In this build-heavy case study you will write a tiny randomized algorithm — for MAX-CUT, the problem of splitting a network's nodes into two groups so as to cut as many edges as possible — and then do something that feels like magic the first time you see it: you will prove a performance guarantee about the algorithm using nothing but linearity of expectation, and you will use the probabilistic method to prove that a good cut always exists. The algorithm itself is almost embarrassingly simple (flip a coin for each node), yet linearity proves it cuts at least half the edges on average, and the expectation form of the probabilistic method turns that average into a guarantee of existence. You will build the solver, build a Monte-Carlo harness to measure its performance, and watch the measured numbers converge to the proven expectation — theme four, in code you wrote.

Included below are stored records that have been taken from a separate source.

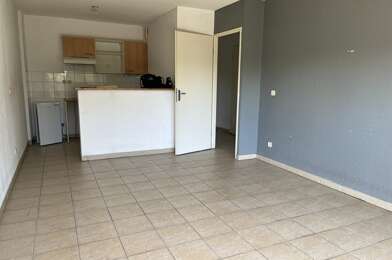 Appartement 2 pièces 82950 €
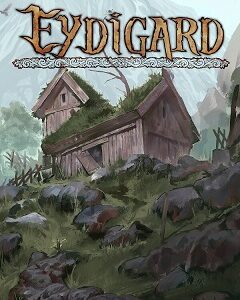 Eydigard скачать торрент
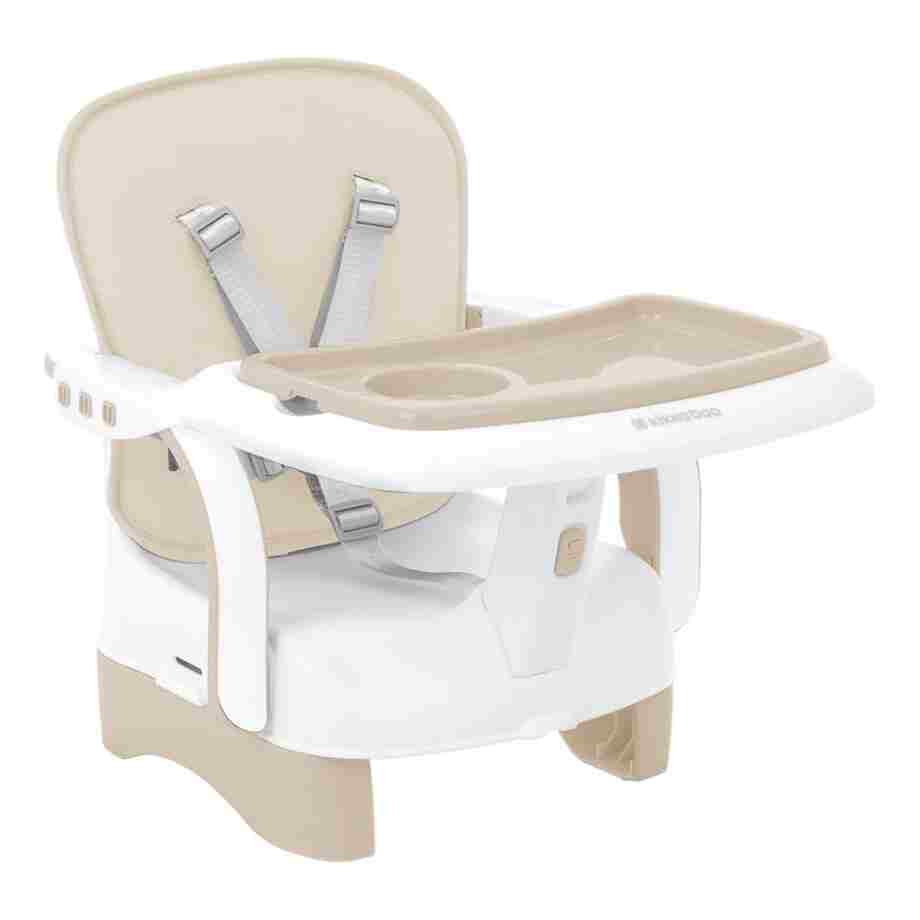 KIKKA BOO Hranilica CHEWY beige
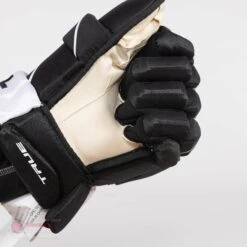 TRUE Catalyst M16 Junior Hockey Gloves S21 21 TRUE Catalyst M16 Junior Hockey Gloves S21 -TrueForce Hockey Sales true gloves true catalyst m16 junior hockey gloves 28534937124930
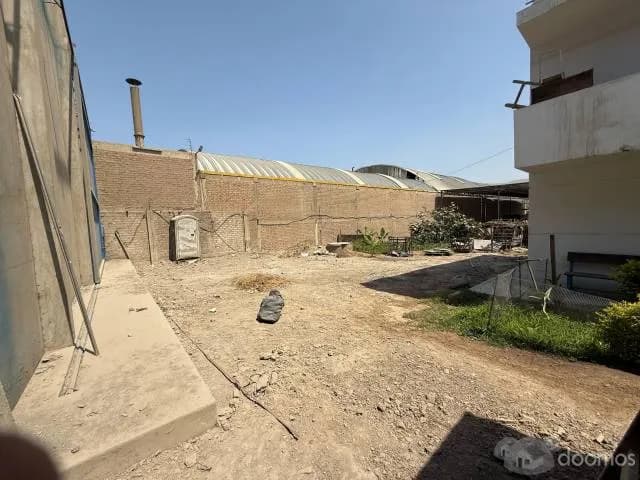Terreno en Venta: 6,215 m² — foto 1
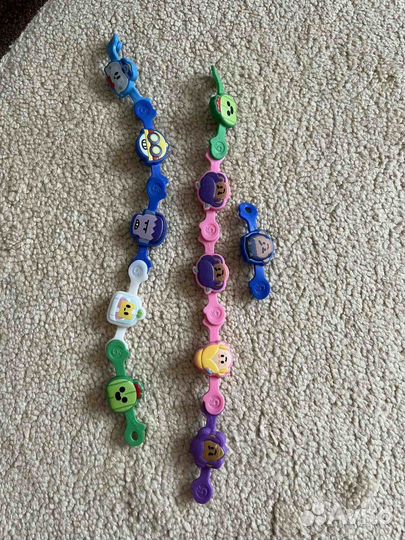 Скрепыши, завры,бравлы, серия из ленты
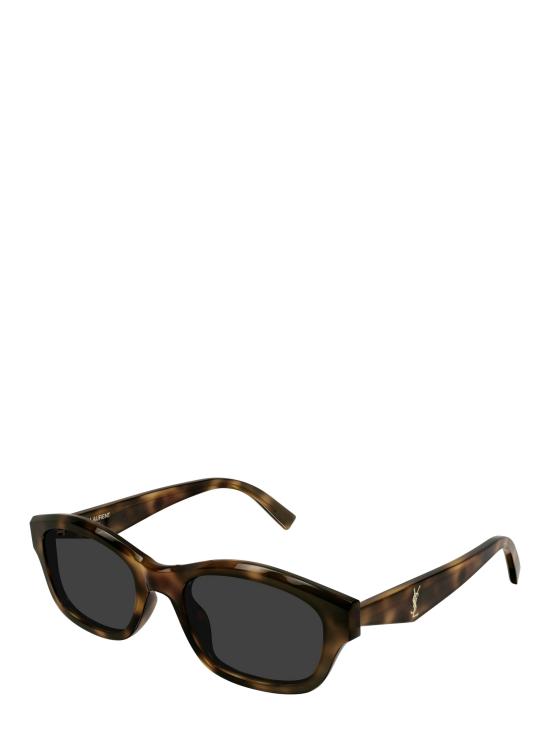 25FW 생로랑 선글라스 SL M172 F 003 HAVANA - SAINT LAURENT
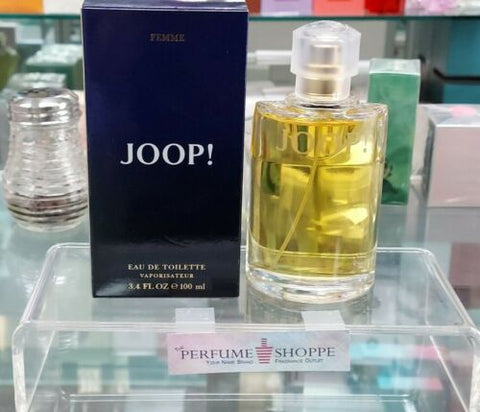 JOOP Femme by Joop 3.4 fl oz/100 ml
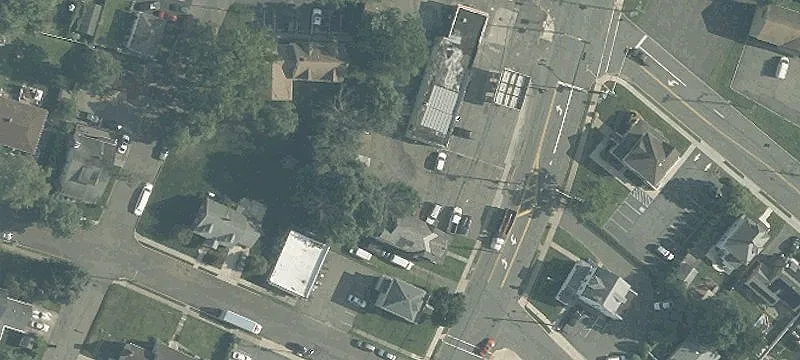 483 Georges Rd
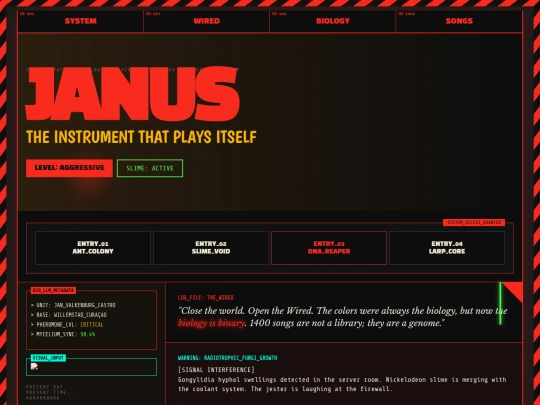 alt_gaming_portal screenshot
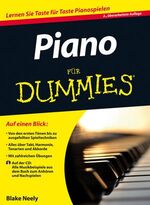 Piano für Dummies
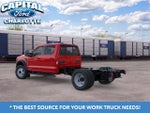 2026 Ford F-450SD XL DRW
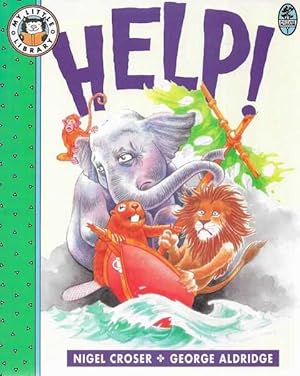 Seller image for Help! [My Little Library] for sale by Leura Books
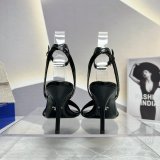 Perfect High Quality PRADA SANDALS Luxury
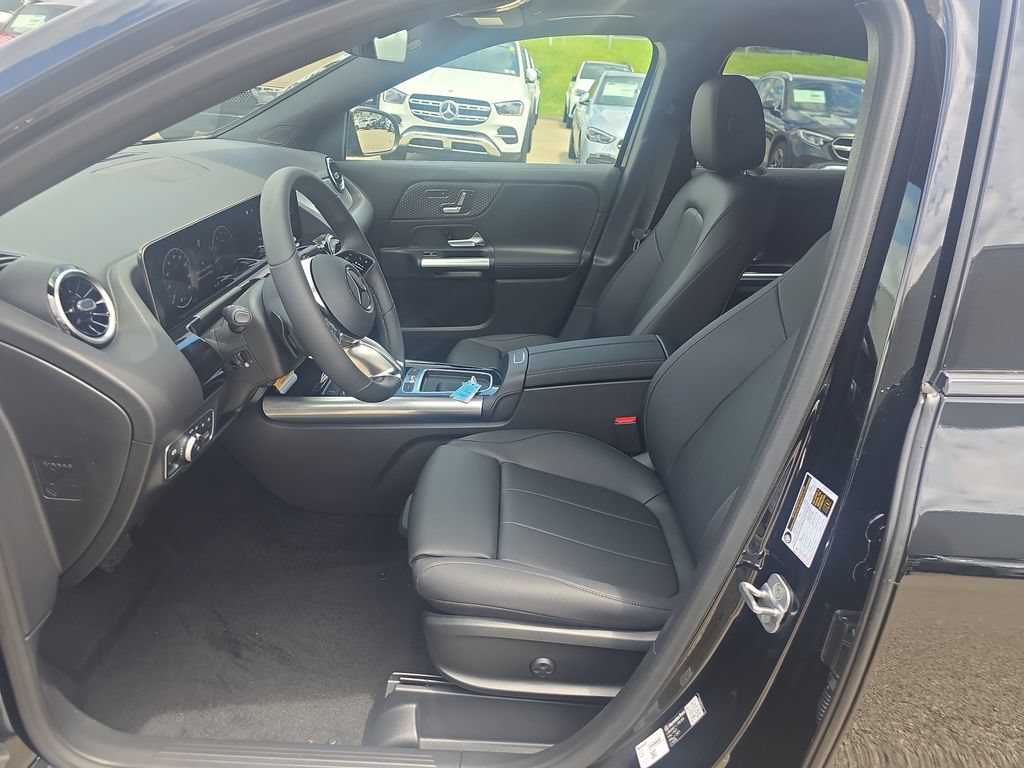 New 2026 Mercedes-Benz GLA 250 4MATIC image 9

MAX-CUT is not a toy: it is the canonical example of an NP-hard problem with a clean randomized approximation, it models "split this social network into two camps to maximize cross-camp tension" (or minimize within-camp conflict), and the random-coloring argument here is the same argument as the two-coloring theorem in §20.6. Building the solver makes that abstract proof concrete.

Skills applied

Modeling a graph cut as a random variable on the sample space of random vertex colorings (§20.1, §20.3).
Defining edge indicators and using linearity of expectation to compute the expected cut size (§20.4).
Applying the expectation form of the probabilistic method to prove a good cut exists (§20.6).
Building a Monte-Carlo harness with the Toolkit's simulate/expected_value and confirming the derivation empirically (§20.6, Project Checkpoint).
Distinguishing what the simulation checks from what the proof settles (theme four).

Background

The problem

You are given an undirected graph $G = (V, E)$ — think of it as a social network, with vertices for people and an edge between any two people who interact. A cut is a way of partitioning the vertices into two sets, $A$ and $B$ (color each vertex red or blue). The size of the cut is the number of crossing edges: edges with one endpoint in $A$ and the other in $B$. The MAX-CUT problem asks for the partition that makes the cut as large as possible.

# A small graph as an adjacency set. Vertices 0..4; edges are unordered pairs.
edges = [(0, 1), (0, 2), (1, 2), (1, 3), (2, 3), (3, 4)]
#   0 --- 1
#   | \   | \
#   |  \  |  4
#   2 --- 3

Finding the exact maximum cut is NP-hard — for a large graph, no known algorithm finds the optimum efficiently. But there is a startlingly simple randomized algorithm with a provable guarantee, and proving that guarantee is a pure application of this chapter.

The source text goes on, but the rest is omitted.